Alastair Campbell is a writer, communicator and strategist best known for his role as former British Prime Minister Tony Blair’s spokesman, press secretary and director of communications and strategy. Still active in politics and campaigns in Britain and overseas, he now splits his time between writing, speaking, charities and consultancy.
Campbell joined the Mirror and rose to become political editor and the paper’s chief political columnist. He then worked briefly for Today under new ownership in 1994 before being asked by Tony Blair to be his press secretary when Mr Blair became leader of the Labour Party. Mr Blair, in his own autobiography, credited Mr Campbell with coining the phrase ‘New Labour’ as the label for the party’s strategy, and described him as a ‘genius’ for the role he played in helping to create New Labour, return the Party to power, and win three general elections.
Though he left a full-time role with the Blair government in 2003, Alastair Campbell returned for the subsequent three general elections to help first Blair, then Gordon Brown and Ed Miliband. He also advised the Better Together campaign against independence for Scotland, and the Remain side in the EU referendum campaign.
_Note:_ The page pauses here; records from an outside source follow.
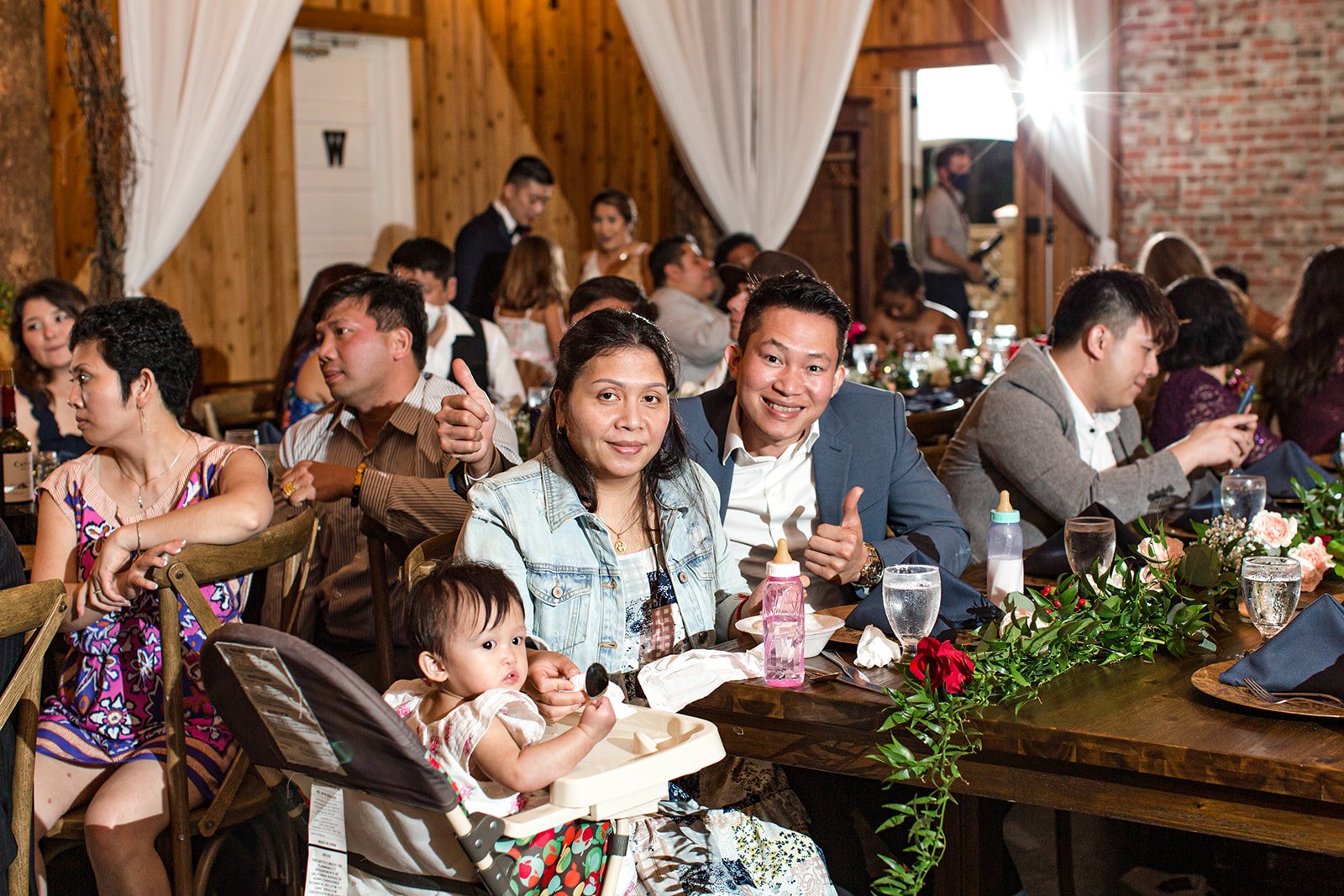 Wedding guests seated at a rustic reception table with greenery decor and family gathered together.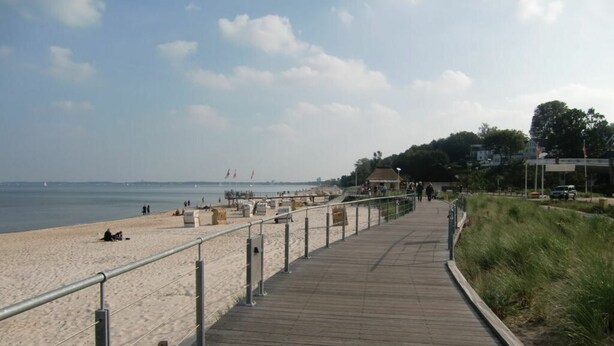 A wooden boardwalk leading to a sandy beach with a railing on one side and a grassy area on the other. - Maisonnette met Charme (Scharbeutz)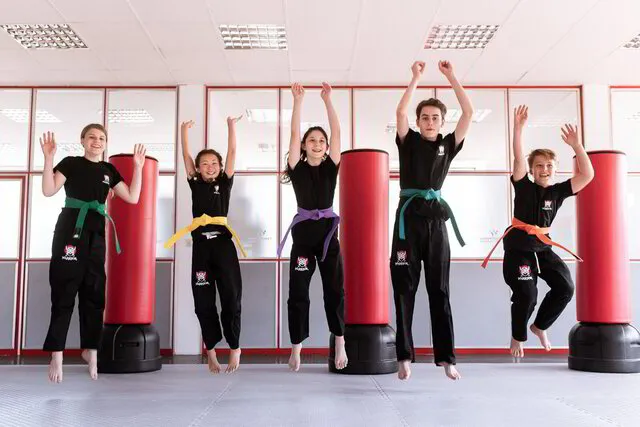 5 Karate Teenager über voller Freude Strecksprünge an ihrem Standort in der Nähe ihres Wohnortes, gemeinsames Training im Dojo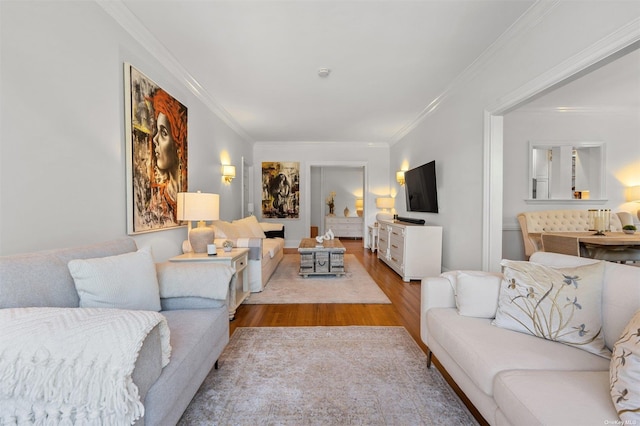 living room with wood finished floors and crown molding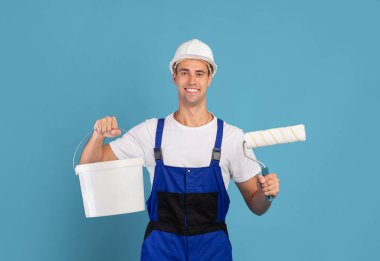 Ressam adam. Gülümseyen Erkek Tamir Ustası Boya için Kova ve Ekipman tutuyor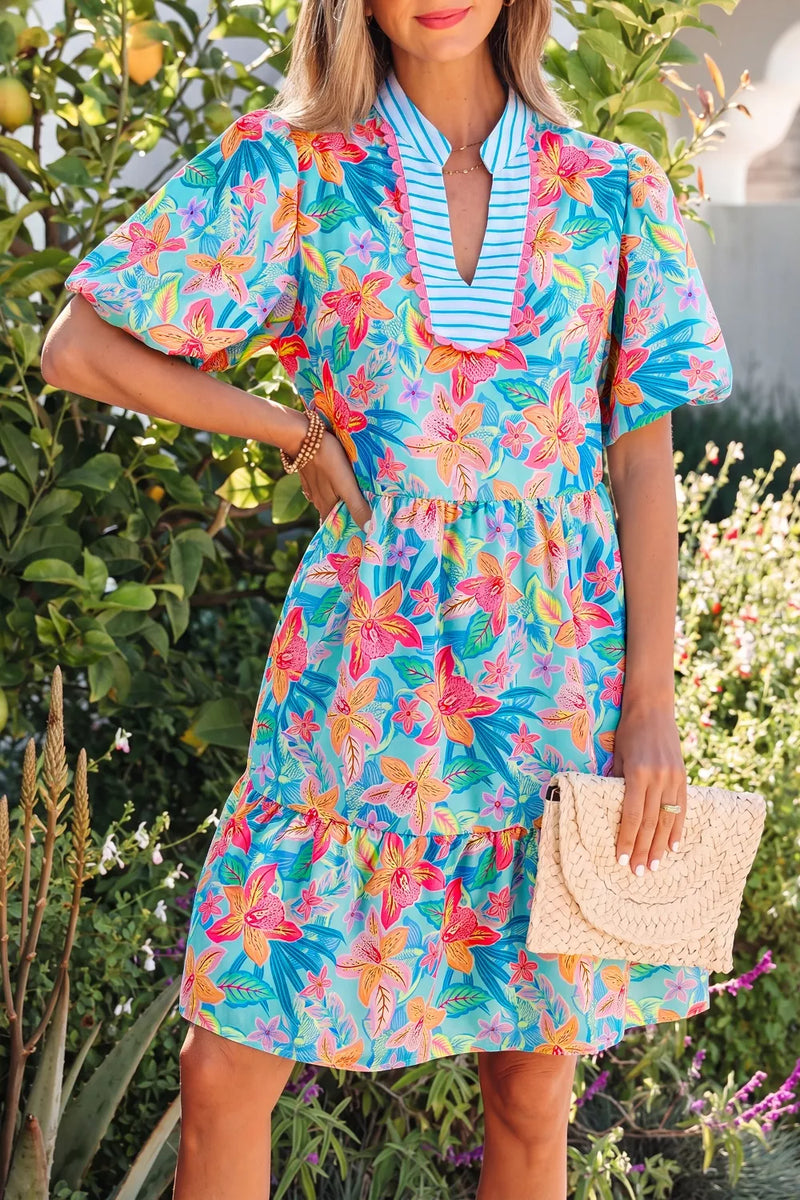 Woman wearing a colorful floral dress in an outdoor setting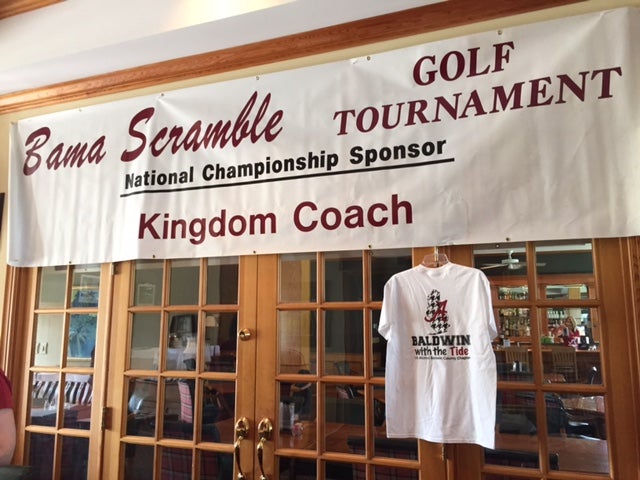 White banner hanging over brown glass door.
He continues to advise left of centre parties, in particular in the Balkans, where he has for some years been a strategic director for the Albanian Socialist Party, who won a landslide victory in June 2013, making Edi Rama Prime Minister, and a second term four years later. Campbell has been Humanitas Visting Professor on media at Cambridge University, and has been honoured by both University College Dublin, Trinity College Dublin and University College Cork for his contribution to the Northern Ireland Peace Process.
After the 1997 landslide election victory he became the Prime Minister’s Chief Press Secretary and Official Spokesman, which entailed the co-ordination of Government communications and twice daily briefings of the press. He was seconded to NATO in 1999 to oversee communications during the Kosovo conflict. After helping Mr Blair win a second landslide election victory, he became Director of Communications and Strategy. Campbell then decided to resign in September 2003 to spend time with his family.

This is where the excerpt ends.